Email, Blogs, and Other Correspondence


Received by e-mail:

Minister Charles Simpson has the power to make you a LEGALLY ORDAINED MINISTER within 48 hours!!!!

BE ORDAINED NOW!

As a minister, you will be authorized to perform the rites and ceremonies of the church!!

WEDDINGS
MARRY your BROTHER, SISTER, or your BEST FRIEND!!
Don’t settle for being the BEST MAN OR BRIDES’ MAID
Most states require that you register your certificate (THAT WE SEND YOU) with the state prior to conducting the ceremony.

FUNERALS
A very hard time for you and your family
Don’t settle for a minister you don’t know!!
Most states require that you register your certificate (THAT WE SEND YOU) with the state prior to conducting the ceremony.

BAPTISMS You can say “WELCOME TO THE WORLD!!!! I AM YOUR MINISTER AND YOUR UNCLE!!”
What a special way to welcome a child of God.

FORGIVENESS OF SINS
The Catholic Church has practiced the forgiveness of sins for centuries **Forgiveness of Sins is granted to all who ask in sincerity and willingness to change for the better!!

VISIT CORRECTIONAL FACILITIES
Since you will be a Certified Minister, you can visit others in need!!
Preach the Word of God to those who have strayed from the flock

WANT TO START YOUR OWN CHURCH??
After your LEGAL ORDINATION, you may start your own congregation!!

At this point you must be wondering how much the Certificate costs. Right? Well, let’s talk about how much the program is worth. Considering the value of becoming a CERTIFIED MINISTER I’d say the program is easily worth $100. Wouldn’t you agree? However, it won’t cost that much. Not even close! My goal is to make this life changing program affordable so average folks can benefit from the power of it.

Since I know how much you want to help others, you’re going to receive your Minister Certification for under $100.00… Not even $50.00… You are going to receive the entire life-changing course for only $29.95.

For only $29.95 you will receive:
1. 8-inch by 10-inch certificate IN COLOR, WITH GOLD SEAL. (CERTIFICATE IS PROFESSIONALLY PRINTED BY AN INK PRESS)
2. Proof of Minister Certification in YOUR NAME!!
3. SHIPPING IS FREE!!!

[Ordering information follows]

The contributor’s then-boyfriend jotted this in her sketch book.

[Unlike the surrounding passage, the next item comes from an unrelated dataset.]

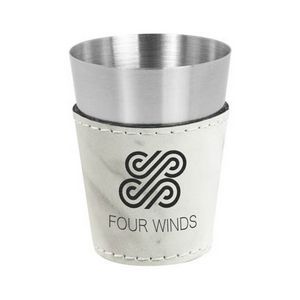 White marble, leatherette, wrapped, stainless steel, shot glass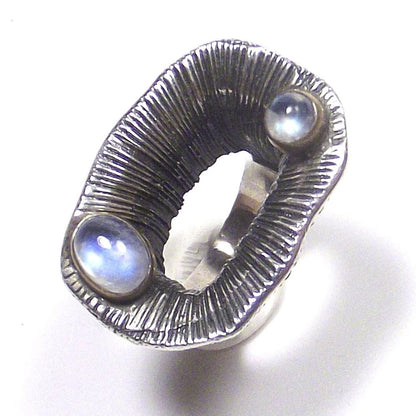 ANELLO argento pietra di luna arcobaleno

She tells us the “she” referred to is not her:

She was the way I always remembered. A kind of lily apon the water. To fool you into thinking she floated free. But her stem was deep rooted, and it would take alot to pull her free. I hate when people read my writing. It isn’t meant for thier interpretation. But people can’t help but tell you thier opinion. That’s why I log my journal internaly. Where dose it all go?

The Daily Herald in Provo, Utah, solicited photos of ordinary local people who did extraordinary things: the extra-nice woman at the checkout stand, the traffic cop who always smiles at motorists, etc. The following letter was received in praise of a particular paperboy. Mistakes, of course, are all as Mr. Larson wrote them:

I do not have a photo of the GREATEST PAPER FELLOW, we have ever had in 35 yrs with the Heaarl.

He is a chap who is going to BYU from Tiawan, and delivers 3000 papers, at above 5 AM, and a fellow who deserves a big thanks.

His name is Choi God Gong. A real fine fellow.

Normally, I do not go to this length to recognize service, as I am not a champion of the Herald, but I must stupe to my normal fealings and recogize the fact, when a fine delicated fellow serves your “rag”.

E. Dixon Larson P.E.

The contributor was the founder of this site and its original maintainer; he received this email during that time period:

Dear Snider, how are you? i am fine! My name is Stephanie! I live in Chino Valley, AZ.! You have a cool web site! Are you excited about Christmas? Well i have to go bye!
Stephanie

(From the contributor: “I found this note that 2 Jr. High girls wrote to each other in the hallway when I was picking up my little brother from school. Everything is exactly the same as in the note, down to the letter.” Punctuation and capitalization are also retained.)

Andrea-
if you tell me why you won’t tell me what was in that note, then i’ll stop bugging you about it. are you gonna come to the Movie tomorrow? i don’t know if i can. i might still be Grounded. ok, it’s not my fault if someone by me gets shot right? i mean, i can’t control my own actions when i get this way. i could release My rage on anyone. expically if that person sits next to me in one of my worst classes. do you wanna help me kilL him? i know some other people that do. OK, if i don’t kill him, i’ll just be a really really REALLY big brat to him. if i ever talk to him without being mean, give me a dirty look K?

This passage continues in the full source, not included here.